All things in moderation - including moderation.  A lot of how one
electrolytes depends on how fast you are riding (a 7:30 target for a 100
is a much different beast than a 7:30 target for a 50), where your are 
riding the varmint.  The individual horse probably has
more to do with it than any hard and fast rule - know your horse and
know what makes sense for your horse.

Indeed.  But then there are those who do the fast 100s without or with
minimal e-lytes--see the post about the French team.  (My own personal
best is 8:46--guess I'm a real piker...)

Electrolytes are lost in copious amounts by horses in endurance rides. 
Electrolytes are essential and are not stored in the system. Do the math.

Your first statement is true.  The first half of your second statement
is true.  It is misleading statements such as the second half of your
second statement that get folks in trouble.  While it is true that
horses do not store e-lytes once they have been absorbed, a good
endurance horse will consume 35-40 lbs of hay in a 24-hour period. 
Additionally, what he is processing in his hindgut is what he ate two
days ago--so he has twice that amount on board.  Yes, please, do the
math--take the best of the e-lyte studies, and compare them to the
e-lyte levels in 35 lbs of good grass hay.  There are more e-lytes in
just one day's worth of hay than he loses in a 100-mile ride.  So while
he technically does not have e-lyte storage "in his system" he is indeed
packing around a considerable reserve, which he can tap as long as he
continues to eat.  I've done the math--over and over again--and it is
obvious why our horses that are not e-lyted generally do not need to
be.

What goes wrong is when the energy levels drop to the point that he can
no longer transport specific ions across cell membranes.  THEN he gets
into what SEEMS to be e-lyte difficulty--but it isn't that at all.

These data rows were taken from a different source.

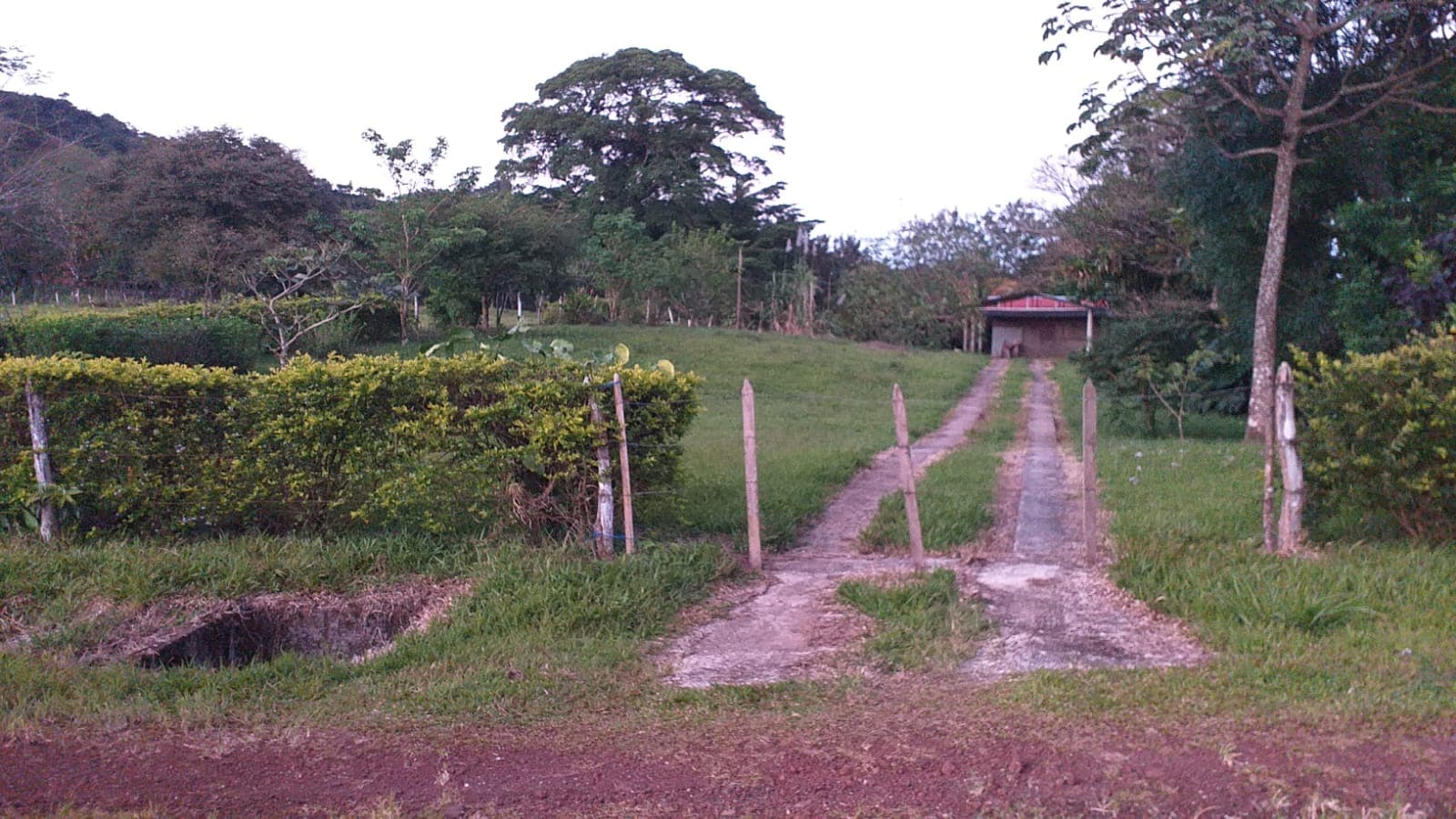 Lovely Studio Cabin on a 5,447 m2 Volcano View lot in Rio Naranjo - 3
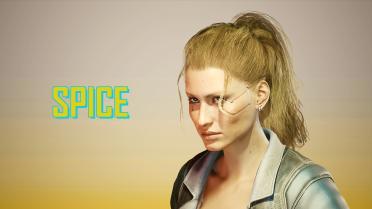 3 new bundled hairstyles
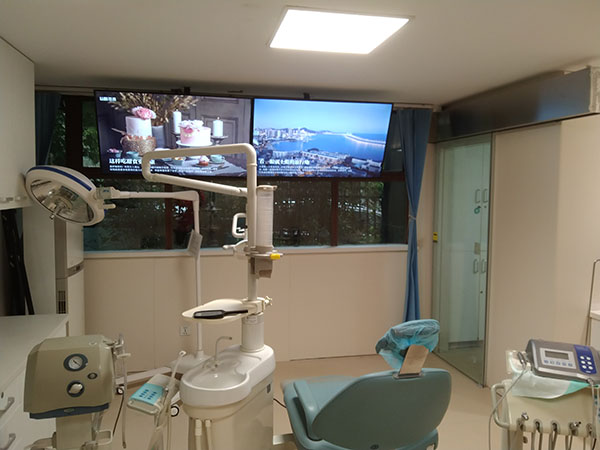 口腔醫(yī)院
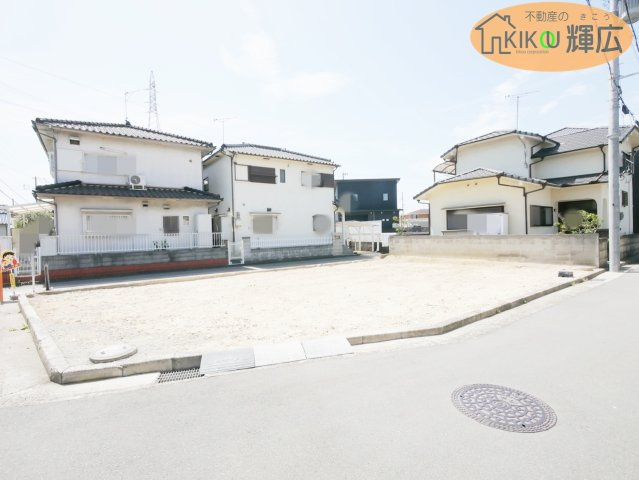 高砂市伊保崎４丁目　土地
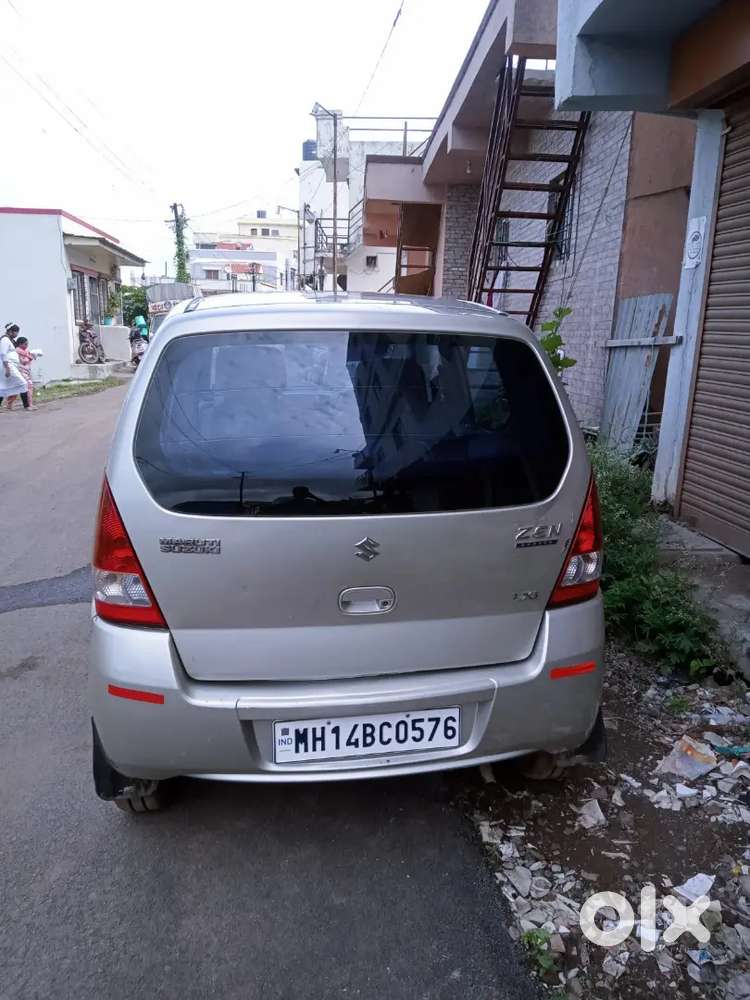 Maruti Suzuki Estilo 2007 Petrol 74000 Km Driven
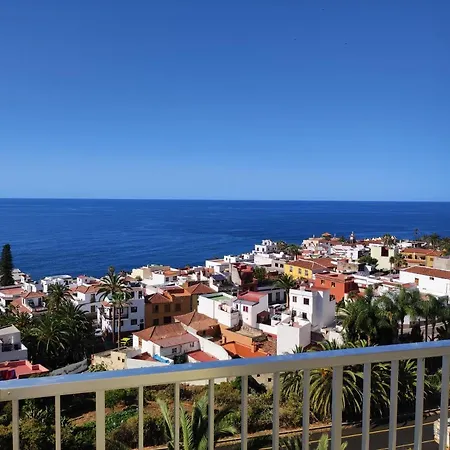Apartament Vista San Juan San Juan de la Rambla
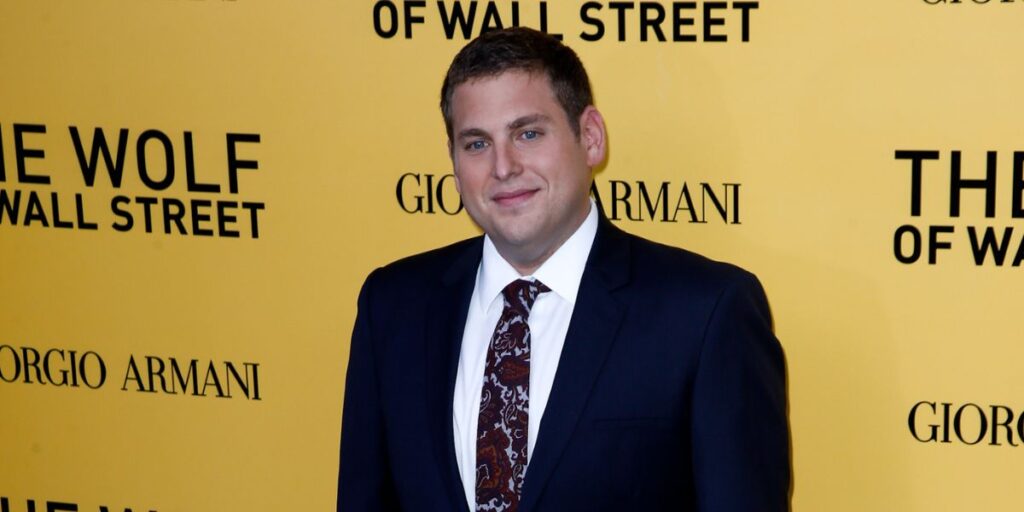 Jonah Hill - Alt om kendte Jonah Hill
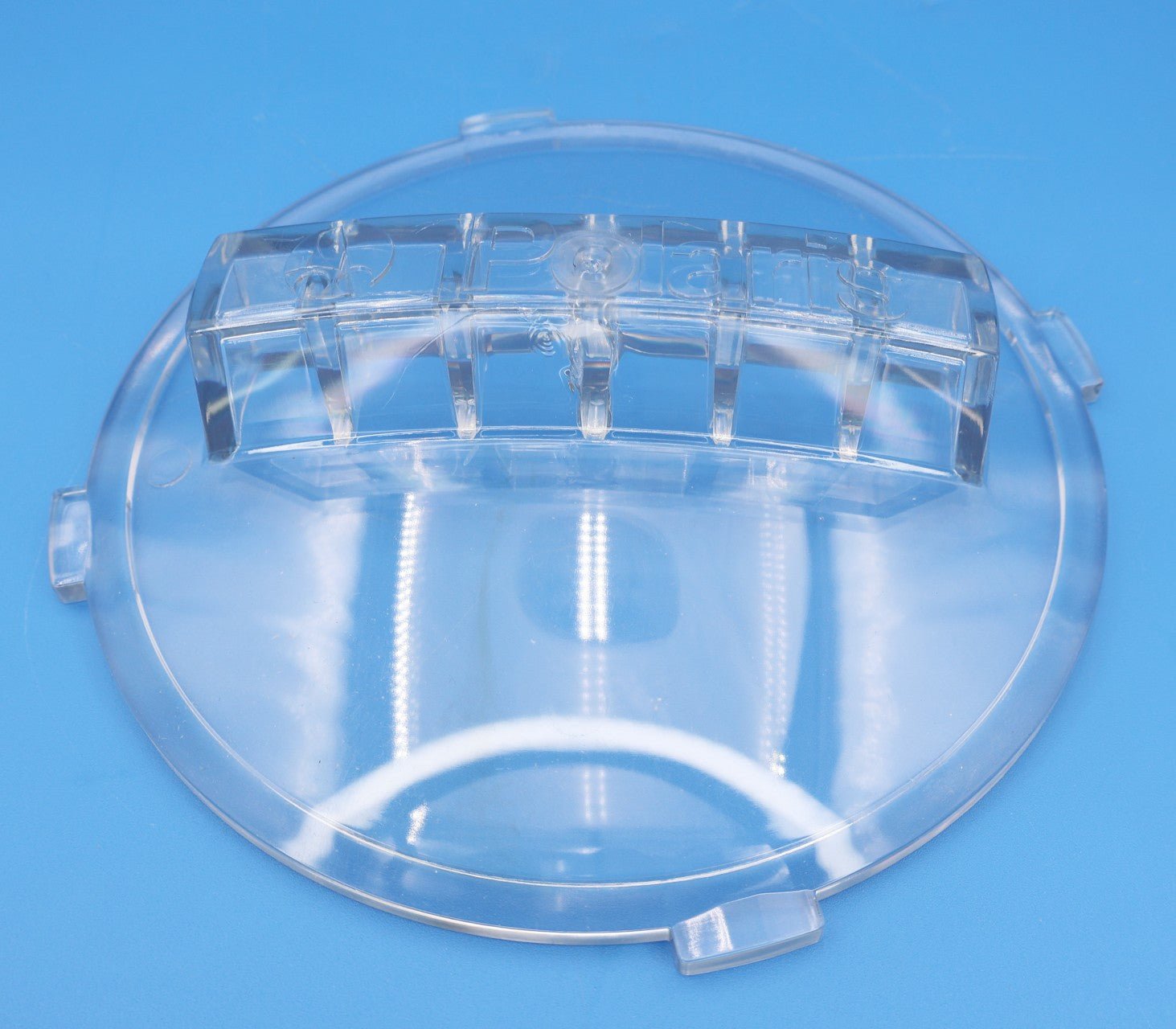 Jandy In Floor Clear Leaf B Gone Molded Inner Lid 3/4 300 - Pool Cleaner Replacement Part for Efficient Debris Removal | Perfect for In-Ground Pool Maintenance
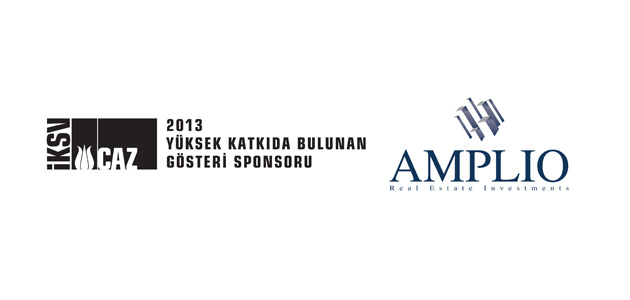 AMPLIO Emlak Yatırım A.Ş. 'ye IKSV den ödül
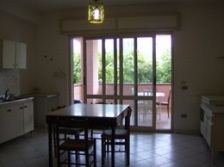 Nel verde di Fisciano - Salerno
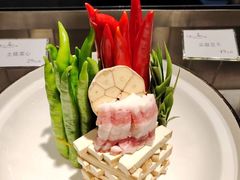 -大灶头·新昌菜(中国茶市店)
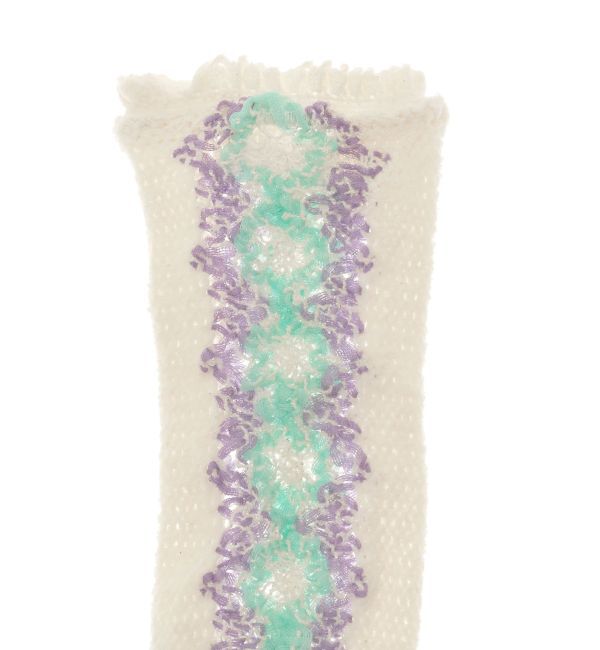 merry jenny「トーションソックス」|ソックス|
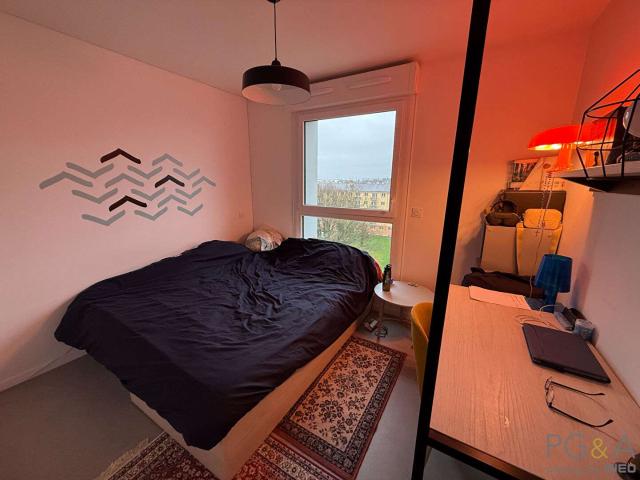 Studio vente à Rennes, Bretagne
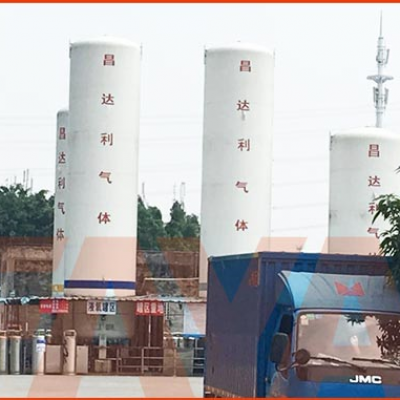 深圳昌達利地磅項目施工案例--2018年7月17日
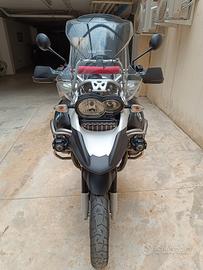 BMW R1200GS Adventure 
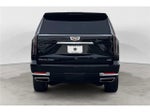 2025 Cadillac Escalade ESV 4WD Luxury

Of course, if he doesn't go into the ride with a good hindgut fill, he
does not have the e-lyte reserve.  But then he doesn't have an energy
reserve, either.  So when you just throw more and more e-lytes at him,
you may actually do more harm than good.

There are certainly some special cases--horses who thump, etc.  Most of
those are not due to the main e-lytes (Na+, K+, and Cl-) but are
instead due to calcium or magnesium.  Some of those horses DO need
those specific e-lytes added--but many (particularly the ones who need
calcium) also do better with proper dietary management--such as a
low-calcium diet in training to stimulate calcitonin production and
then some higher-calcium feeds (ie alfalfa) at rides.  A chronic
thumper is a horse with a basic handicap, and if you are bound and
determined to do the sport on such a horse, you MAY be able to manage
him.  But that doesn't mean that the population at large needs what he
needs, any more than a sound person needs a crutch, simply because his
neighbor with a broken leg needs one.